Rather than using the graphshortestpath function from Bioinformatics Toolbox, I recommend creating a graph or digraph object from your sparse adjacency matrix and using the shortestpath function for graph and digraph objects. You can do a lot with graph and digraph objects; see the documentation for a list of functions that can work on these objects.
To remove edges connected to a node, you can use outedges (and inedges if your network is a digraph) then call rmedge. Let's create a graph using the Buckyball data and display it.
G = graph(bucky);
f1 = figure;
p1 = plot(G);
title('Full bucky graph');
Now let's remove all edges connected to node 17 and plot the resulting graph.
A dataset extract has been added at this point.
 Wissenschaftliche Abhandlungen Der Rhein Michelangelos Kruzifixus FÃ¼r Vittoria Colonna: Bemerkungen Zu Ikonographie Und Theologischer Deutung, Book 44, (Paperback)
edgesConnectedTo17 = outedges(G, 17);
Gm17 = rmedge(G, edgesConnectedTo17);
figure
p2 = plot(Gm17);
title('Bucky graph minus edges connected to 17')
Both plots display all 60 nodes of the bucky graph but they have different layouts. Since node 17 isn't connected to anything in the second plot, it's displayed off to the side. The layout differences does make it a little difficult to compare the two plots. Let's make one more plot.
f3 = figure;
p3 = plot(Gm17, 'XData', p1.XData, 'YData', p1.YData);
title('Bucky graph minus edges connected to 17, nodes in the same place')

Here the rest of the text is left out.